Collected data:

= = =

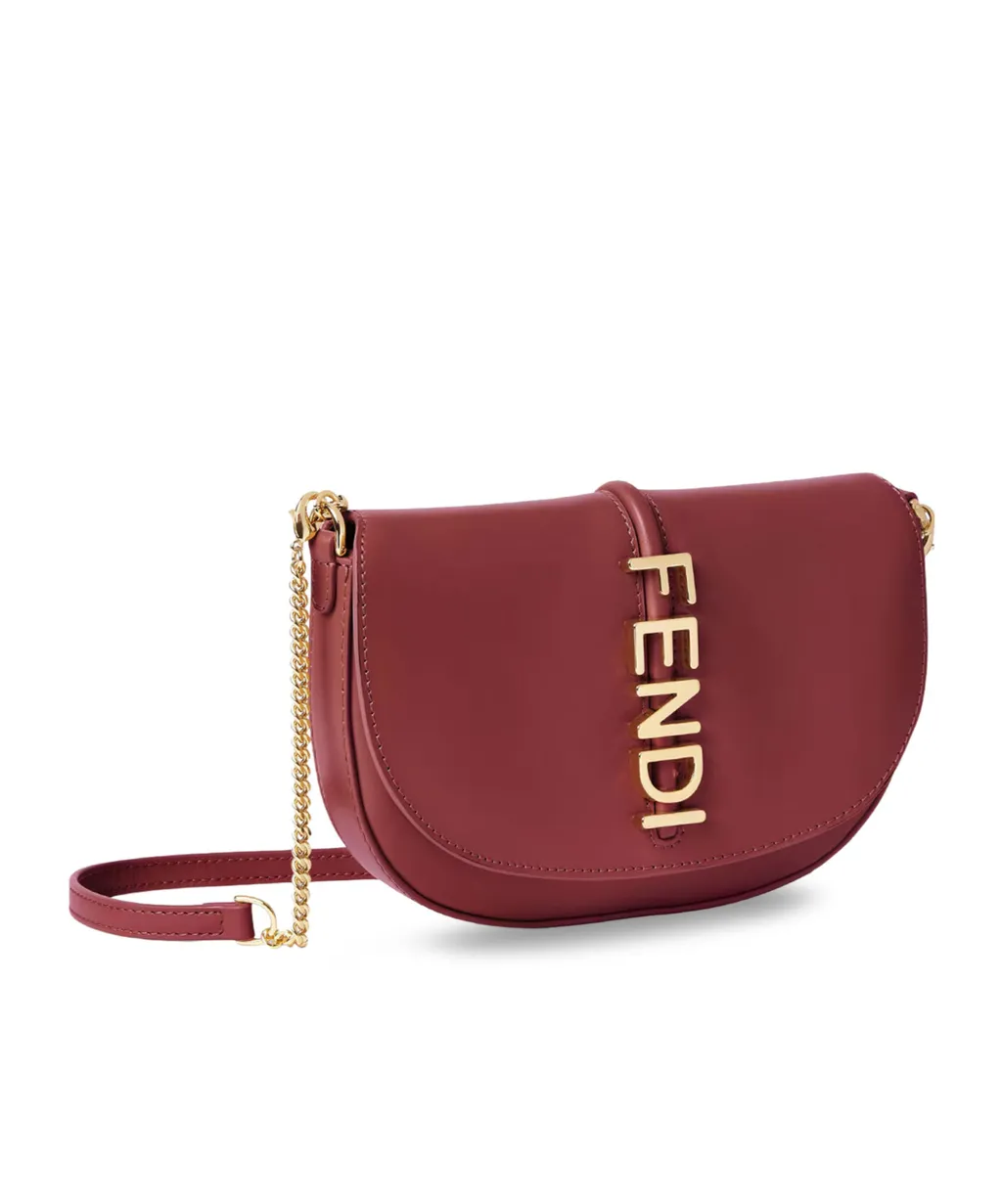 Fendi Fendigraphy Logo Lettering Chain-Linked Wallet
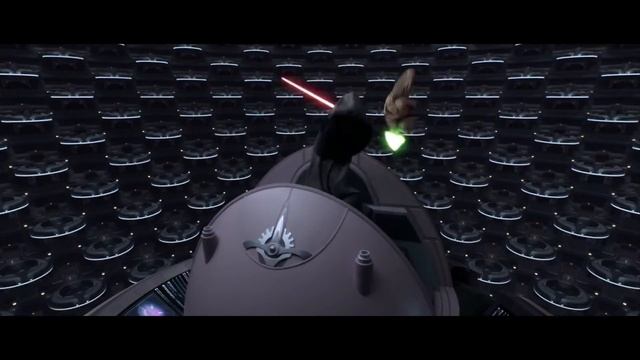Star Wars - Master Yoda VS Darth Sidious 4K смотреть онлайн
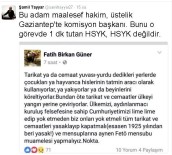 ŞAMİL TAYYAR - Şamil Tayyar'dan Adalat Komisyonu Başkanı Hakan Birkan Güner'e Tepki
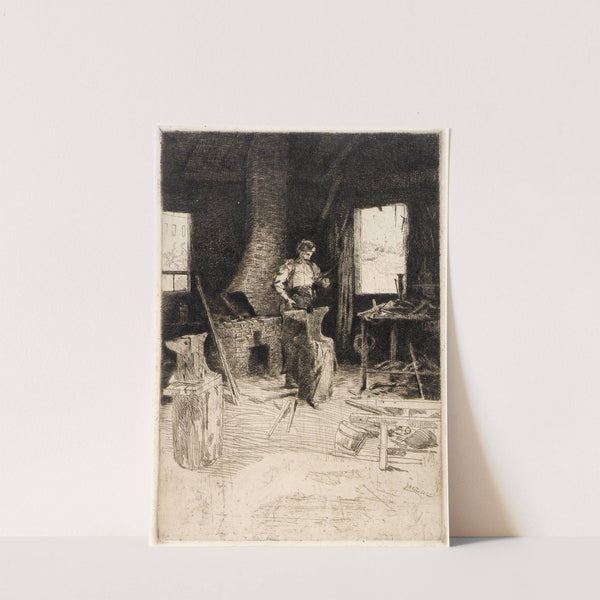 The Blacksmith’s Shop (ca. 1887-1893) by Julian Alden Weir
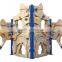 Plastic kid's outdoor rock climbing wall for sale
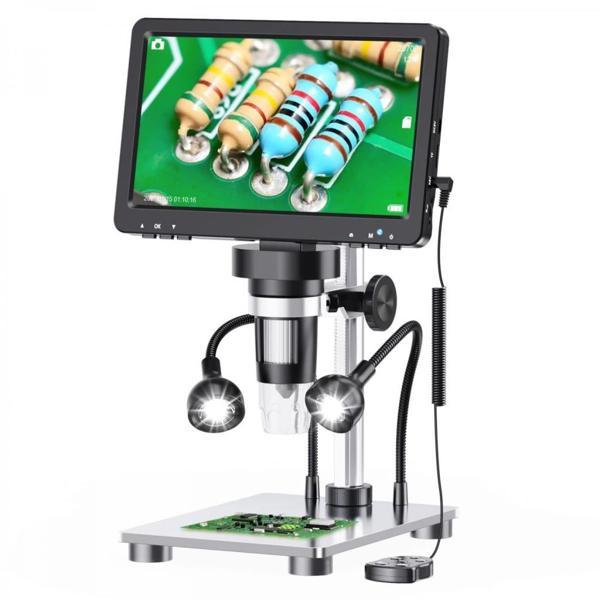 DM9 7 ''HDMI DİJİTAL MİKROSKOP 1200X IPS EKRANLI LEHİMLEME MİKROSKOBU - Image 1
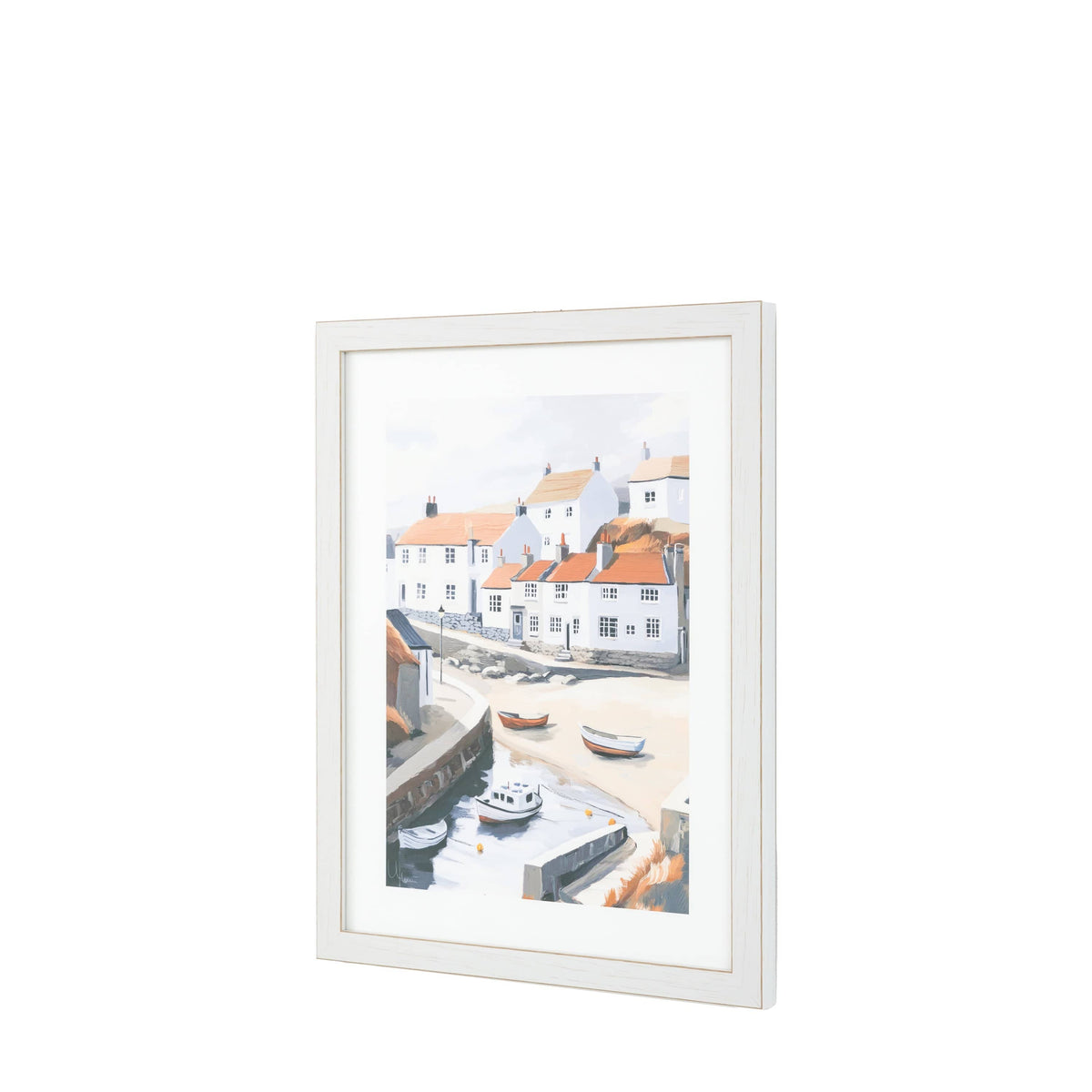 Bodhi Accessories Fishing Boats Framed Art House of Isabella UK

= = =

** About this task **
All lines from the one bearing "Plastic kid's outdoor" through the last line of the records, and only those, should be duplicated exactly; no picture belongs in the copy.

** Answer for this exercise **
 Plastic kid's outdoor rock climbing wall for sale
 DM9 7 ''HDMI DİJİTAL MİKROSKOP 1200X IPS EKRANLI LEHİMLEME MİKROSKOBU - Image 1
 Bodhi Accessories Fishing Boats Framed Art House of Isabella UK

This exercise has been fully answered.